A surgical procedure is done to straighten the bone and cartilage dividing the area between the two nostrils. This cartilaginous wall is called the septum. When the septum is crooked, it is called a deviated septum. This can make it hard for you to breathe through your nose and can also increase the risk of sinus infections because of poor drainage.

During a septoplasty surgery, your nasal septum is repositioned to the middle of your nose. This may require your surgeon to cut out the deviated part of your nasal septum before reinserting it in the correct position.

 Once the wound is healed, you’ll likely find it easier to breathe.


Why do you need a Septoplasty?

Having a deviated septum is quite a common occurrence and does not require any treatment as long as it does not cause any discomfort. However, when it is severe, it can cause a blockage on one side of the nose and reduce airflow. This would cause breathing difficulty from either one or both sides of the nose. 

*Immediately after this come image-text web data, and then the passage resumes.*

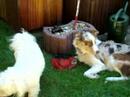 Samen drinken Samen drinken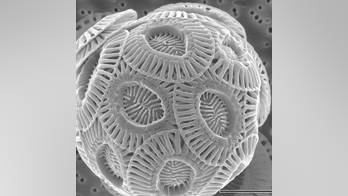 Could massive white cliffs be forming beneath Antarctica's ocean?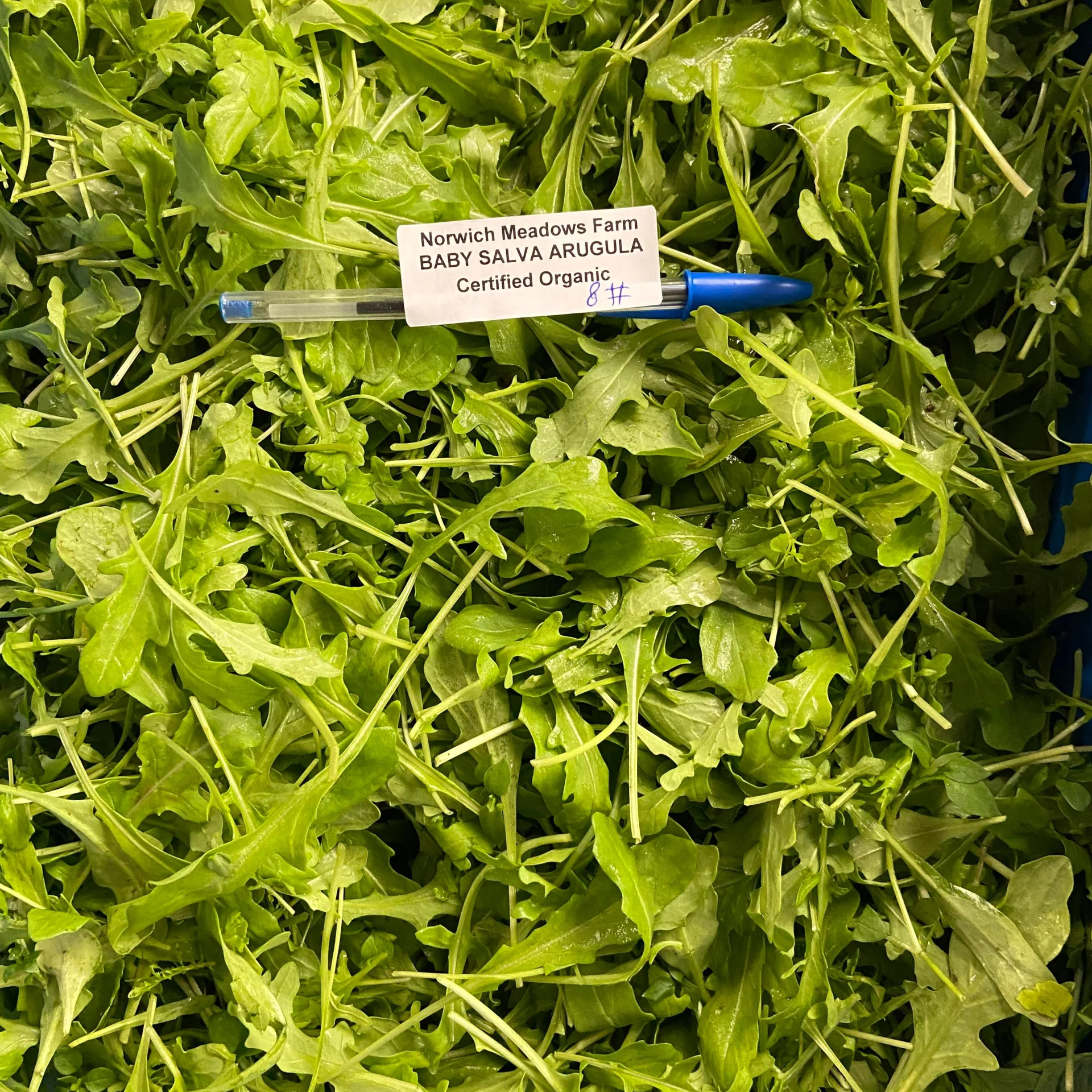 Arugula, Wild (Rocket)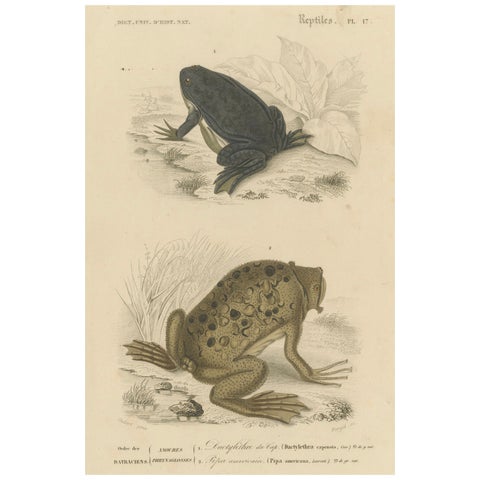 Frog Print of Cape Dactylethra and Surinam Toad, c.1850, by Orbigny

Hence, during the surgery when the septum is removed, straightened and positioned back, it helps to open and improve the airflow through the nose.


During the Procedure

The procedure involves trimming, repositioning and replacing the cartilage or bone to straighten the deviation. The surgery is performed by making incisions inside the nose and in some cases a small incision between the nostrils. The whole operation is performed in such a way that ensures no marks or scars are visible. From here, the septum is straightened and replaced which allows for a more open airway.

The surgery is performed under general anaesthesia, so the patient does not feel any pain. By the time the patient is woken up, the surgery has already finished. To prevent post-operative bleeding, a bandage-like packing may be placed in your nose for a while.


What are the risks associated with a septoplasty?

Like with any surgery, septoplasty also carries risks such as local infection, bleeding and the possibility of a reaction to the anaesthetic. Some other risks include:
1. A change in the shape of your nose
2. A tiny hole in the septum
3. A decrease in the sense of smell
4. Temporary numbness in the teeth, upper gum or nose

However, it is important to note that these are very rare and are minimized by thorough pre-operative planning and investigations.


Post-Operative Management

After the surgery, the patient is usually allowed to go home the same day itself. However, if your doctor feels you need to be kept under observation for another day, you would be allowed to go home the next day.

The patient needs to rest for a couple of days and can resume normal work after about 2 days. However, strenuous activities such as heavy lifting, jogging, etc. are not allowed for 1 month as they may cause nosebleeds. Patients are also advised against heavily blowing their nose as this could also cause a nosebleed.

 A month after the surgery, the nasal tissues would have completely healed and you would be allowed to continue all normal activities as before.